### WHAT TO DO
What is needed is an exact reproduction of the lines in the records below, starting at the line with "Unisex Medical Uniform" and ending at the line with "(15W) OneTap Qi", both included, and nothing else; pictures stay out.

### DATA TO USE
※

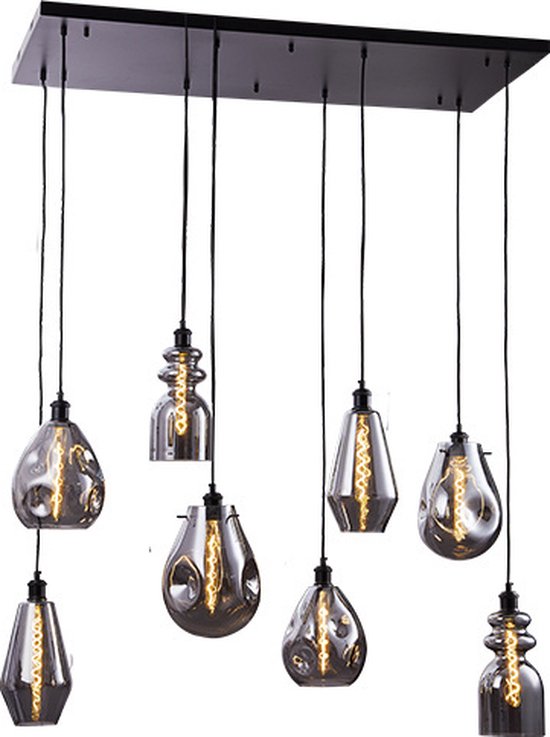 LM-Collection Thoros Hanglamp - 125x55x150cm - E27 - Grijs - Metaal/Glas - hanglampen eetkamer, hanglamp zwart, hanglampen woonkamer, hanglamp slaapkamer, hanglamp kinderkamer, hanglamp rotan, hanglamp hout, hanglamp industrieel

※

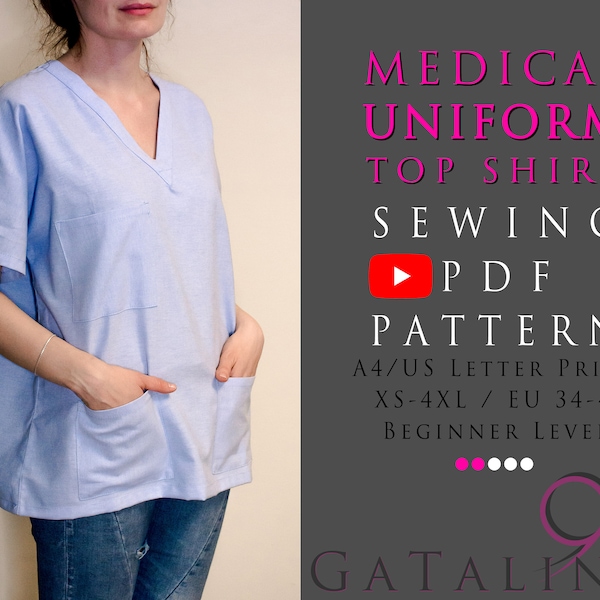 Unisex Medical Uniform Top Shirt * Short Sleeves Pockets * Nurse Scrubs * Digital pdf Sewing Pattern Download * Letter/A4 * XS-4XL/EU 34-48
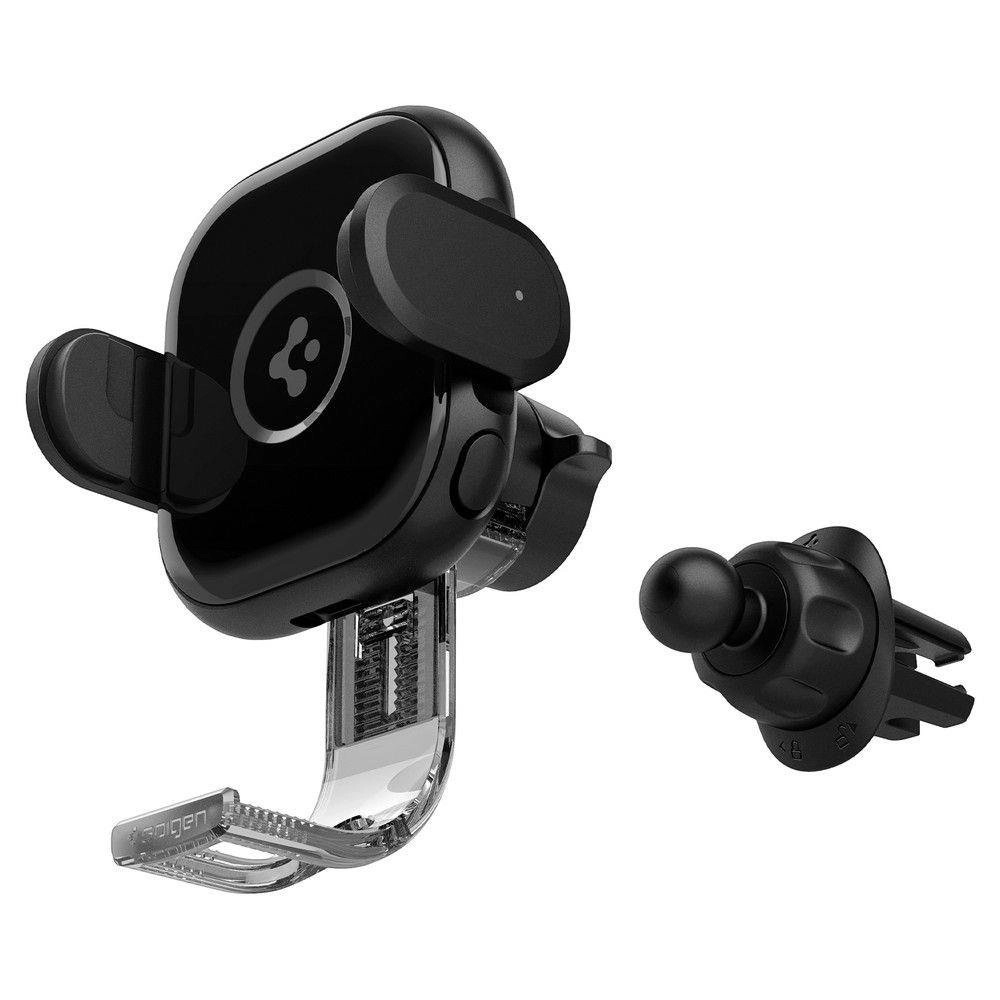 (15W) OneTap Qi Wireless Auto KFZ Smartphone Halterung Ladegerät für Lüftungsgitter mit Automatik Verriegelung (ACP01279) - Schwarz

※

### WRITTEN RESPONSE
 Unisex Medical Uniform Top Shirt * Short Sleeves Pockets * Nurse Scrubs * Digital pdf Sewing Pattern Download * Letter/A4 * XS-4XL/EU 34-48
 (15W) OneTap Qi Wireless Auto KFZ Smartphone Halterung Ladegerät für Lüftungsgitter mit Automatik Verriegelung (ACP01279) - Schwarz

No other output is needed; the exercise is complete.